[EXCERPTED RECORDS Boundary: Start]
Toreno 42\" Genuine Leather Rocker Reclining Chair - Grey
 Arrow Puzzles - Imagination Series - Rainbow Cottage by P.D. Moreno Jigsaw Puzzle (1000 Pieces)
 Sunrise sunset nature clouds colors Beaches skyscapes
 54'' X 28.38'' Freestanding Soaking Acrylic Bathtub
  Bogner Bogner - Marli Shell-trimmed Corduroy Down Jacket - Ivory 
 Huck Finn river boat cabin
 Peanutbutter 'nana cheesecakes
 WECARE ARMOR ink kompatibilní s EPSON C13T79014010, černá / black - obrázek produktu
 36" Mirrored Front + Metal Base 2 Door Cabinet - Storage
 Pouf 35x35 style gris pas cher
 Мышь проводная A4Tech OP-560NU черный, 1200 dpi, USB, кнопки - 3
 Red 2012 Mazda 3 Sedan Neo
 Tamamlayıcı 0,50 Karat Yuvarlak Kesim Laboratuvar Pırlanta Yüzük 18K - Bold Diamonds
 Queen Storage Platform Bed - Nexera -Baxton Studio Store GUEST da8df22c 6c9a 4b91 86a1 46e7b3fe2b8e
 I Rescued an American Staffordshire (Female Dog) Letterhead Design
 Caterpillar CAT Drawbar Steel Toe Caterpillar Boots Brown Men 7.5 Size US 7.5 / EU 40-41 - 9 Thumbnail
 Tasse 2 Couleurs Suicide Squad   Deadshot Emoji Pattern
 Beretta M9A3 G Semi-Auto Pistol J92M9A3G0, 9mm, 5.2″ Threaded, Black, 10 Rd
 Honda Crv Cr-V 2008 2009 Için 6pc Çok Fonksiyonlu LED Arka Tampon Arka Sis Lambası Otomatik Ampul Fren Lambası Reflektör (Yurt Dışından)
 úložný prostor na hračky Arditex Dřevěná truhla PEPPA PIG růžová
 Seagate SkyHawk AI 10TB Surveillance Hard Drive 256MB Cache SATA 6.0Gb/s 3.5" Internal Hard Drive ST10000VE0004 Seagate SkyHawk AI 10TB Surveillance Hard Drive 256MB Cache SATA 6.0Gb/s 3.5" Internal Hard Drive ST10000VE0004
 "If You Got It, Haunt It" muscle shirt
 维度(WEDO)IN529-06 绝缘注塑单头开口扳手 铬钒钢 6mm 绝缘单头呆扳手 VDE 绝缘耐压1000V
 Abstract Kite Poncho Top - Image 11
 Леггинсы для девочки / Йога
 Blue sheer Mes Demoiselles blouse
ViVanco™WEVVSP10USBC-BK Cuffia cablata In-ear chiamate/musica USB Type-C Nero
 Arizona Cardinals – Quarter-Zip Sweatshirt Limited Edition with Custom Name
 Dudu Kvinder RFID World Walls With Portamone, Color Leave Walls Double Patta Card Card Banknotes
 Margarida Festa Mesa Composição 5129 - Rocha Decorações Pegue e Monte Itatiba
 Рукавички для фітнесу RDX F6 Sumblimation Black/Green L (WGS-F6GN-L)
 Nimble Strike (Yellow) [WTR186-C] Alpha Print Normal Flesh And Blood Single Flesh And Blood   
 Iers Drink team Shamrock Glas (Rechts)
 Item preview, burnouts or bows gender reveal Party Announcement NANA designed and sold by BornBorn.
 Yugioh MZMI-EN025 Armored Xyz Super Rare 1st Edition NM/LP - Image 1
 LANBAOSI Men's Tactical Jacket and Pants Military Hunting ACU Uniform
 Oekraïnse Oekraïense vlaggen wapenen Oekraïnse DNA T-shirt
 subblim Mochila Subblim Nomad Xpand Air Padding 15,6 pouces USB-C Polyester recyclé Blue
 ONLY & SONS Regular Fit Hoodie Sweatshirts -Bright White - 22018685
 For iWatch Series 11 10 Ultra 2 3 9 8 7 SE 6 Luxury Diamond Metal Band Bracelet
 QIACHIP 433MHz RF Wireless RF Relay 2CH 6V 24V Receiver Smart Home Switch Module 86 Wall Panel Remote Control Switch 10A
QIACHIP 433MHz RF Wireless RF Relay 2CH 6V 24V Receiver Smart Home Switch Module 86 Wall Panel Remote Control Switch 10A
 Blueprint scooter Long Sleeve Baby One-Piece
[EXCERPTED RECORDS Boundary: End]
*PROBLEM:* Look through the records for the string "Remote". Copy every line that has it.

*TASK RESULT:*
 QIACHIP 433MHz RF Wireless RF Relay 2CH 6V 24V Receiver Smart Home Switch Module 86 Wall Panel Remote Control Switch 10A
QIACHIP 433MHz RF Wireless RF Relay 2CH 6V 24V Receiver Smart Home Switch Module 86 Wall Panel Remote Control Switch 10A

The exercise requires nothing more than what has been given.